Темой книги был (использую прошедшее время, так как большинство сегодняшних читателей «Культуры» книгу уже не знает) «гегелевский укус», которому в нашем столетии подвергаются людские умы, как только приподнимутся над уровнем благословенной наивности. Интересы Герлинга-Грудзинского чисто моралистические, поэтому, видя, что толпы т. н. интеллектуалов (а в действительности модерновых полуинтеллигентов) в разных западных странах льнут к марксизму, он, кажется, объясняет это их глупостью и гнусностью. Разница между нами состоит в том, что как прежде, так и теперь я приписываю это действию причин куда более глубоких, соглашаясь с Достоевским, который в тех же «Бесах» показывает своеобразный рост растения из зерна – то есть из поколения в поколение – от мглисто-романтической риторики старого Верховенского, через демонические противоречия Ставрогина и до разгулявшейся силы «бесов», кончая же пророчеством, в котором зловещее завтра как будто символизируют фигуры теоретика рабства Шигалева и молодого послушного офицера-исполнителя по фамилии Эркель.

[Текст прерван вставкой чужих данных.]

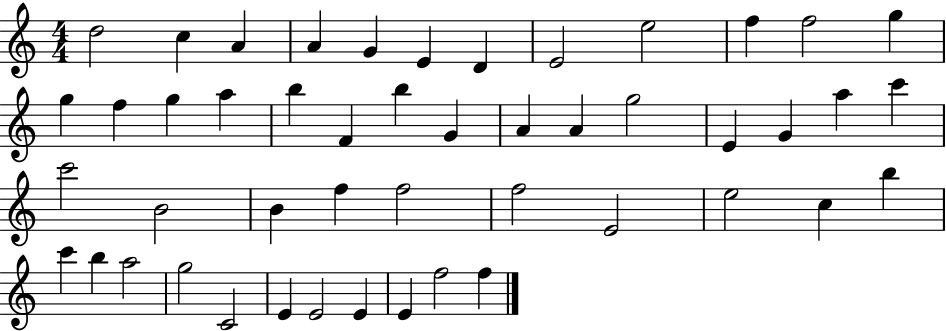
X:1
T:Untitled
M:4/4
L:1/4
K:C
d2 c A A G E D E2 e2 f f2 g g f g a b F b G A A g2 E G a c' c'2 B2 B f f2 f2 E2 e2 c b c' b a2 g2 C2 E E2 E E f2 f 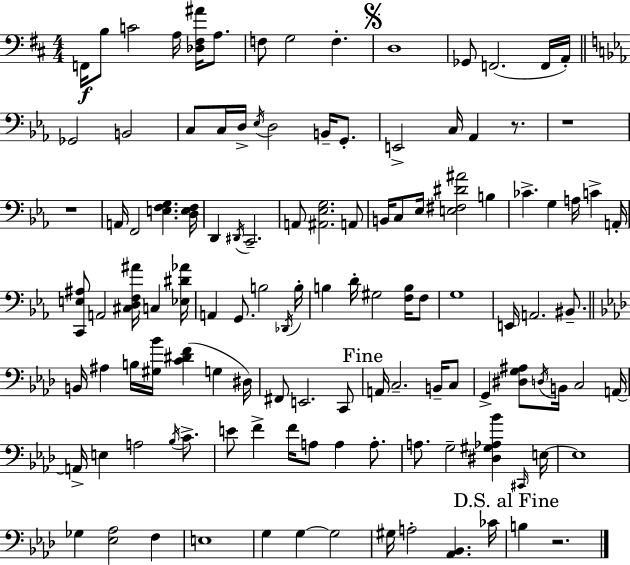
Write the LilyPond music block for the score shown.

{
  \clef bass
  \numericTimeSignature
  \time 4/4
  \key d \major
  f,16\f b8 c'2 a16 <des fis ais'>16 a8. | f8 g2 f4.-. | \mark \markup { \musicglyph "scripts.segno" } d1 | ges,8 f,2.( f,16 a,16-.) | \break \bar "||" \break \key ees \major ges,2 b,2 | c8 c16 d16-> \acciaccatura { ees16 } d2 b,16-- g,8.-. | e,2-> c16 aes,4 r8. | r1 | \break r1 | a,16 f,2 <e f g>4. | <d e f>16 d,4 \acciaccatura { dis,16 } c,2.-- | a,8 <ais, ees g>2. | \break a,8 b,16 c8 ees16 <e fis dis' ais'>2 b4 | ces'4.-> g4 a16 c'4-> | a,16-. <c, e ais>8 a,2 <cis d f ais'>16 c4 | <ees dis' aes'>16 a,4 g,8. b2 | \break \acciaccatura { des,16 } b16-. b4 d'16-. gis2 | <f b>16 f8 g1 | e,16 a,2. | bis,8.-- \bar "||" \break \key aes \major b,16 ais4 b16 <gis bes'>16 <c' dis' f'>4( g4 dis16) | fis,8 e,2. c,8 | \mark "Fine" a,16 c2.-- b,16-- c8 | g,4-> <dis g ais>8 \acciaccatura { d16 } b,16 c2 | \break a,16~~ a,16-> e4 a2 \acciaccatura { bes16 } c'8.-> | e'8 f'4-> f'16 a8 a4 a8.-. | a8. g2-- <dis gis aes bes'>4 | \grace { cis,16 } e16~~ e1 | \break ges4 <ees aes>2 f4 | e1 | g4 g4~~ g2 | gis16 a2-. <aes, bes,>4. | \break ces'16 \mark "D.S. al Fine" b4 r2. | \bar "|."
} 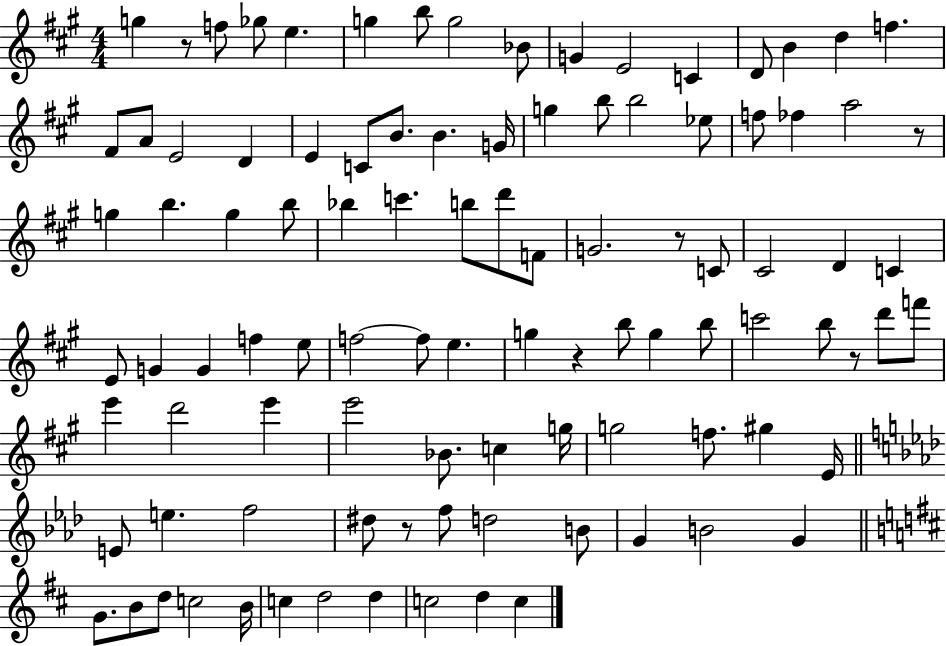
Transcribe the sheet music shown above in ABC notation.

X:1
T:Untitled
M:4/4
L:1/4
K:A
g z/2 f/2 _g/2 e g b/2 g2 _B/2 G E2 C D/2 B d f ^F/2 A/2 E2 D E C/2 B/2 B G/4 g b/2 b2 _e/2 f/2 _f a2 z/2 g b g b/2 _b c' b/2 d'/2 F/2 G2 z/2 C/2 ^C2 D C E/2 G G f e/2 f2 f/2 e g z b/2 g b/2 c'2 b/2 z/2 d'/2 f'/2 e' d'2 e' e'2 _B/2 c g/4 g2 f/2 ^g E/4 E/2 e f2 ^d/2 z/2 f/2 d2 B/2 G B2 G G/2 B/2 d/2 c2 B/4 c d2 d c2 d c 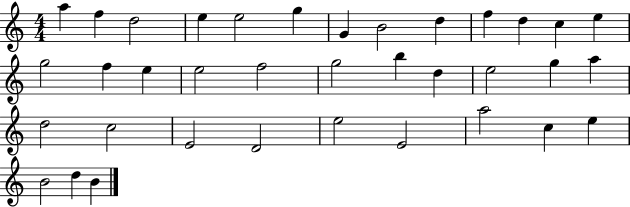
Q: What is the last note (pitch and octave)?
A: B4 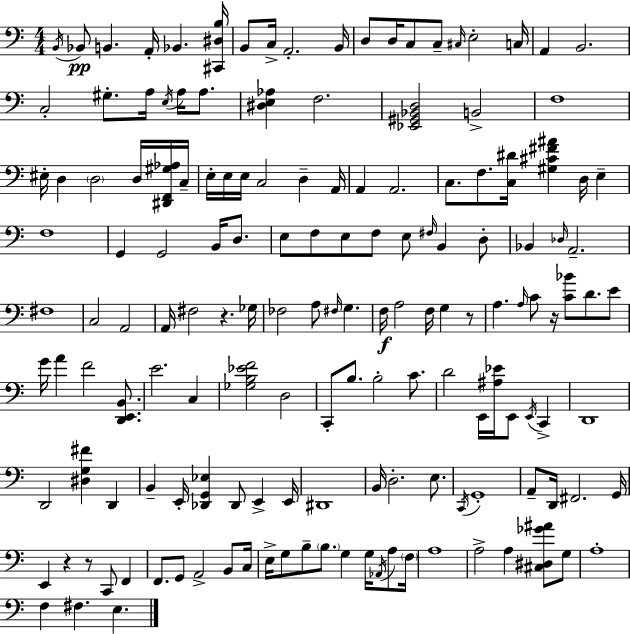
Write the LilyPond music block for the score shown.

{
  \clef bass
  \numericTimeSignature
  \time 4/4
  \key c \major
  \repeat volta 2 { \acciaccatura { b,16 }\pp bes,8 b,4. a,16-. bes,4. | <cis, dis b>16 b,8 c16-> a,2.-. | b,16 d8 d16 c8 c8-- \grace { cis16 } e2-. | c16 a,4 b,2. | \break c2-. gis8.-. a16 \acciaccatura { e16 } a16 | a8. <dis e aes>4 f2. | <ees, gis, bes, d>2 b,2-> | f1 | \break eis16-. d4 \parenthesize d2 | d16 <dis, f, gis aes>16 c16-- e16-. e16 e16 c2 d4-- | a,16 a,4 a,2. | c8. f8. <c dis'>16 <gis cis' fis' ais'>4 d16 e4-- | \break f1 | g,4 g,2 b,16 | d8. e8 f8 e8 f8 e8 \grace { fis16 } b,4 | d8-. bes,4 \grace { des16 } a,2.-- | \break fis1 | c2 a,2 | a,16 fis2 r4. | ges16 fes2 a8 \grace { fis16 } | \break g4. f16\f a2 f16 | g4 r8 a4. \grace { a16 } c'8 r16 | <c' bes'>8 d'8. e'8 g'16 a'4 f'2 | <d, e, b,>8. e'2. | \break c4 <ges b ees' f'>2 d2 | c,8-. b8. b2-. | c'8. d'2 e,16 | <ais ees'>16 e,8 \acciaccatura { e,16 } c,4-> d,1 | \break d,2 | <dis g fis'>4 d,4 b,4-- e,16-. <des, g, ees>4 | des,8 e,4-> e,16 dis,1 | b,16 d2.-. | \break e8. \acciaccatura { c,16 } g,1-. | a,8-- d,16 fis,2. | g,16 e,4 r4 | r8 c,8 f,4 f,8. g,8 a,2-> | \break b,8 c16 e16-> g8 b8-- \parenthesize b8. | g4 g16 \acciaccatura { aes,16 } a8 \parenthesize f16 a1 | a2-> | a4 <cis dis ges' ais'>8 g8 a1-. | \break f4 fis4. | e4. } \bar "|."
} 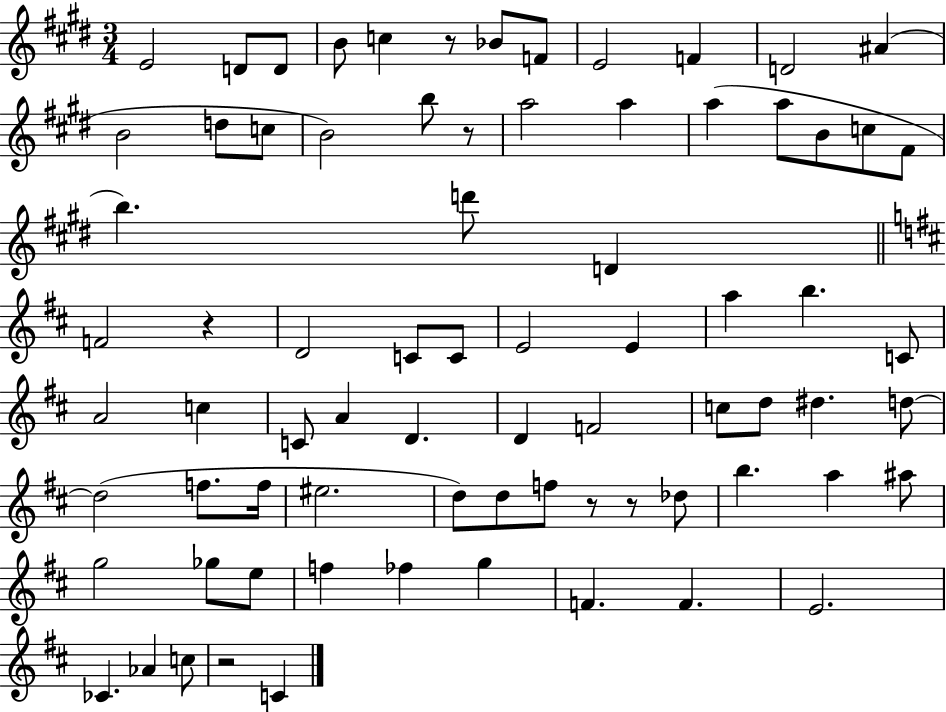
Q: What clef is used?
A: treble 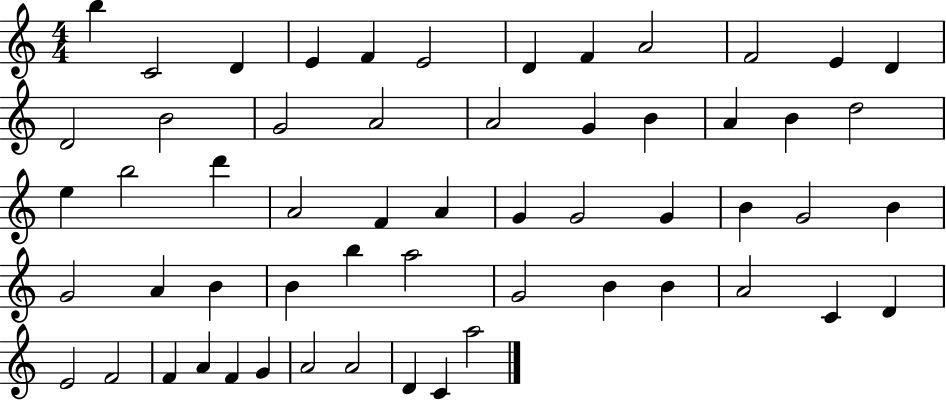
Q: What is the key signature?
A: C major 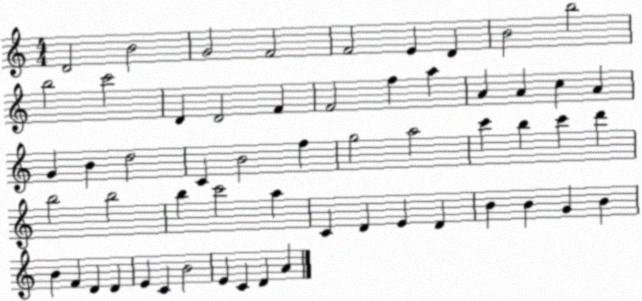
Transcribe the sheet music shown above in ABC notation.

X:1
T:Untitled
M:4/4
L:1/4
K:C
D2 B2 G2 F2 F2 E D B2 b2 b2 c'2 D D2 F F2 f a A A c A G B d2 C B2 f g2 a2 c' b c' d' b2 b2 b c'2 a C D E D B B G B B F D D E C B2 E C D A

«Всё это, простите, только со страху». Несомненно, что в Польше 1951 года страх был вездесущ и что он диктовал мелодию. Но «Порабощенный ум» был задуман как книга не только о Польше. К тому же страх, заключенный в самом слове «порабощение» – не простое понятие и охватывает куда больше, чем один только страх за свою шкуру. Чего же боялся, например, Владислав Броневский, отважный из отважных? Боялся одиночества, нуждался в постоянных похвалах и аплодисментах, в прикованных к нему очах зала, чёрту душу продавал, чтобы это получать. Но Броневский раньше, в молодости, испытал «гегелевский укус», когда в 1920 году, будучи солдатом Пилсудского, нашел в трофейных советских обозах сочинения Ленина, и «историческая необходимость» значила для него то же самое, что и для стольких западных писателей, знающих главный вид страха: как бы не навлечь на себя неудовольствие богини-Истории (наш век – это век мифологических фигур, и в большей степени, чем тогда, когда говорили о Марсе и Фортуне), ибо, только получив ее расположение, «останешься в литературе».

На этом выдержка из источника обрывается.